The glowing ash clouds gradually lost gas and cooled as they blanketed the landscape until they became the consistency of toothpaste. Bubbles of gas became 'frozen' in this sticky rock as it finally set solid. Some fossil bubbles, now filled with soft greenish clay minerals, can be seen embedded in the solid rock at the back of Cobbly Beach, on the western side of Snug Cove, in the Port of Eden.
Eruption centres were surrounded by fumaroles emitting hot water and steam, similar to today's volcanic fields such as Yellowstone in northwestern United States, or Rotorua in Aotearoa – New Zealand. This hydrothermal activity altered some parts of the volcanic rock inland from Pambula to a soft, easy to carve clay-like mineral, pyrophyllite.
When volcanic activity died away, the Wilderness Coast region returned to a stable land mass. Large rivers flowed across the landmass depositing coarse pink sandstone and purple pebble conglomerate in their channels, with finegrained red mudstone on the floodplains. A slight rise in sea level inundated shallower areas to form lagoons. When sea level fell again, rivers extended across the land again, burying the lagoonal muds.
Not for nothing is the Devonian known as the Age of Fishes. Dozens of species of enormous armoured fishes evolved to live, breed and die in Devonian rivers and seas.
Land masses around the world were criss-crossed by giant rivers carrying sand and mud left behind extensive deposits of pink sandstone, representing former sandy river channels, and red floodplain mudstone. The rivers were ideal habitats for evolving fishes.
The coastline of the Sapphire Coast between Tura Beach and the Victorian border is composed largely of these red, riverine rocks. Here and there on rock platforms the scattered remains of the platy armour of fishes can be seen. Sometimes entire corpses of these fishes are preserved where they died, trapped in drying billabongs and rapidly buried by sediment carried by the next flood. Casts of some of these fishes are on display at the Eden Killer Whale Museum.

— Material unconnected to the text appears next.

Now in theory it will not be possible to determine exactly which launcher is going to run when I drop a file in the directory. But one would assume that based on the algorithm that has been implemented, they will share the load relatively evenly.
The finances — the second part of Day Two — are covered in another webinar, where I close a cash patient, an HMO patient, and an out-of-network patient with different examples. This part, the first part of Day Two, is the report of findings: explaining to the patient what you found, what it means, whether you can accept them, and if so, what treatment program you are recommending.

Our coastline a happy hunting ground for fossil fish researchers. It has even yielded species new to science, making it a world-class fossil fish site. A new species of fossil fish from Eden has been named Edenopteron.

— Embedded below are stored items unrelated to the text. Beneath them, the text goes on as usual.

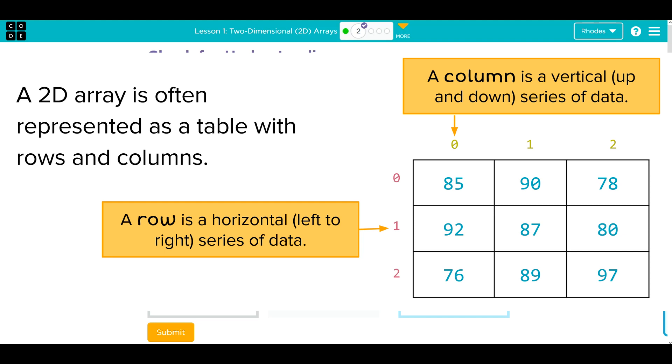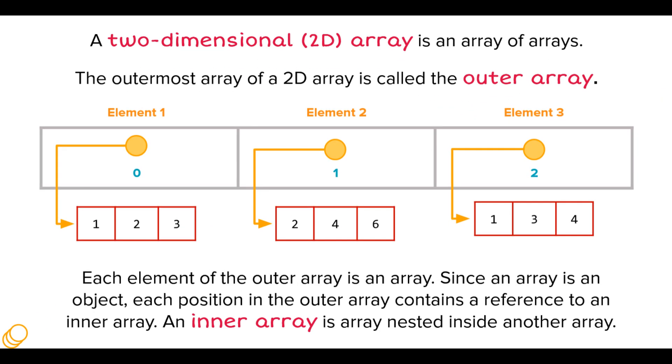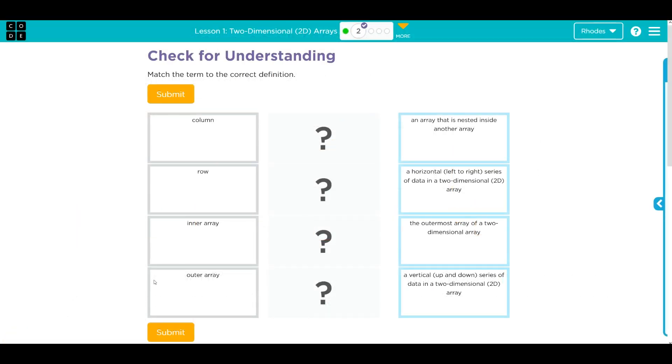Inner array - while we haven't talked about looping through a 2D array, it's much like the nested for statements we did two units ago. So the inner array, that is the array that is nested inside the other array. And then the outer array would be the outer of the 2D array.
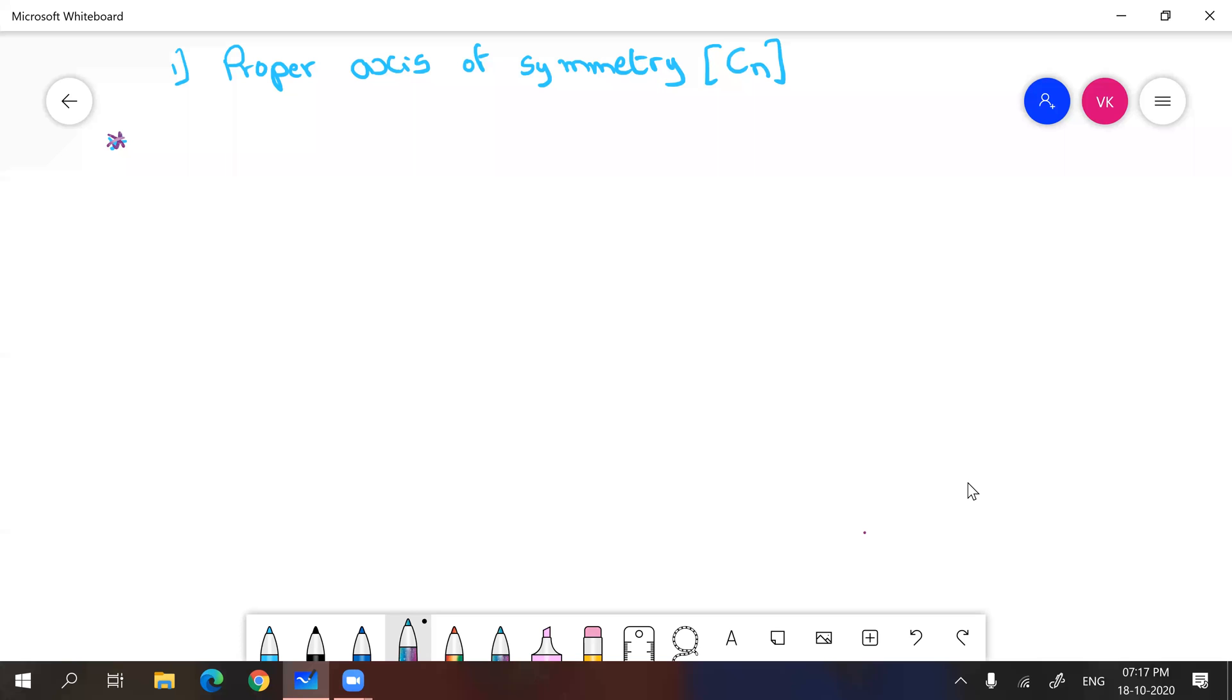Hi learners, welcome. In this video let us discuss about what is proper axis of symmetry. This is the first symmetry element in symmetry and group theory concept, continuation to the first class.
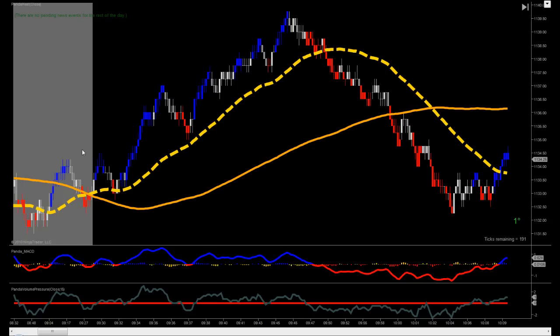For more conservative traders, that's fine. You just stick with the Panda Bamboo, and you can trade higher contracts and feel safe doing that. For those of you who'd like to trade more, with more frequency and with less duration, this Panda Heat method can do that for you.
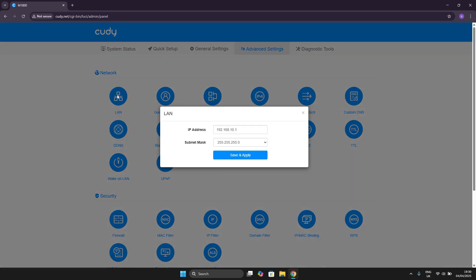In here you can see your current IP address and in order to change it you have to simply edit it. So I will add for example 2 here and then you want to hit save and apply.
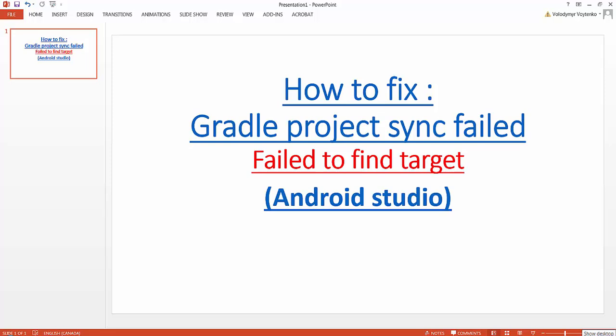Hello everyone, we're going to talk about how to fix Gradle project sync failed: failed to find target in Android Studio.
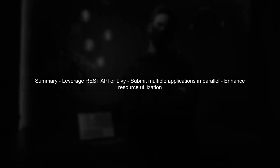In summary, while Spark's architecture typically limits us to one configuration per JVM, leveraging the REST API or tools like Livy can help us submit multiple applications in parallel with different settings. This approach can significantly enhance resource utilization on a single server.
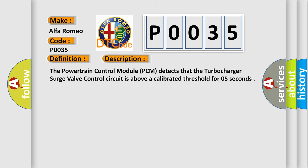The powertrain control module PCM detects that the turbocharger surge valve control circuit is above a calibrated threshold for 0.5 seconds.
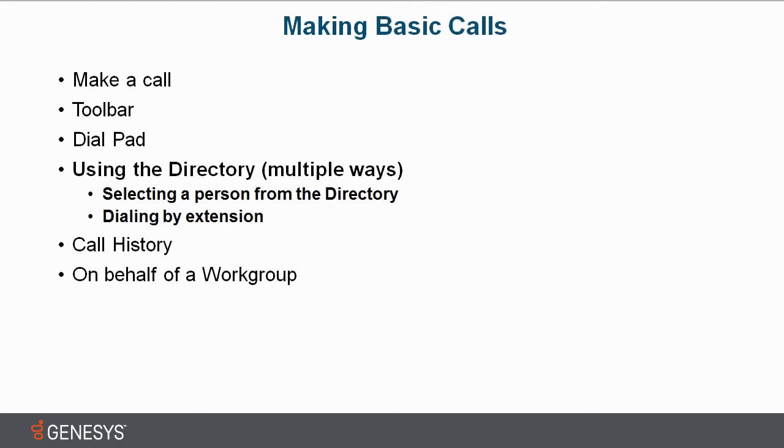We'll continue on making basic calls, utilizing the directory this time. There are a couple different ways - you can select a person from the directory or dial by extension. I'll show you how to do both.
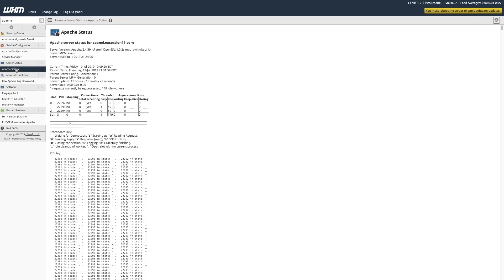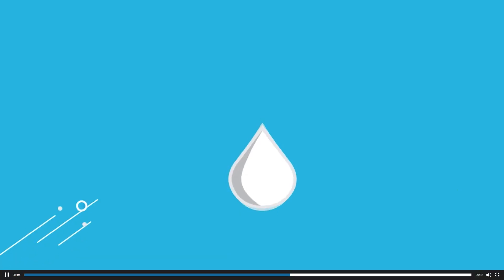Similar to the command line output, you should see, next to Server Version, the Apache version running on your server. In my case, it's version 2.4.39.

To date 9 species of armoured fishes (Placoderms) 4 species of spiny fish (Acanthodians) 2 species of cartilaginous fishes, the early sharks (Chondrichthyans) and 9 species of bony fishes (Osteichthyans) have been listed in the area.
The reddened rocks mark a great leap upwards in atmospheric oxygen as land plants began to cover large parts of Earth. Roots of plants that grew on river floodplains can be seen in the red mudstones behind the building at Merimbula Wharf.
The Eden region is a highly significant geo heritage place because of its Devonian fossil fauna and flora. The fossils encompass two of the Earth's most significant evolutionary events: the appearance of the first forests, and the appearance of the first land animals.
The increasingly oxygen-rich atmosphere generated by land plants encouraged the development of lungs instead of gills, and gave rise to the first amphibians and land-dwelling reptiles. The oldest tetrapod (four footed) trackway in the world is found in Devonian rocks just across the NSW-Victoria border.
So the area is not only an ancient garden of Eden populated with abundant plant life, but also a place of long-ago biodiversity in land and in water. This biodiversity continues today on our Wilderness Coast.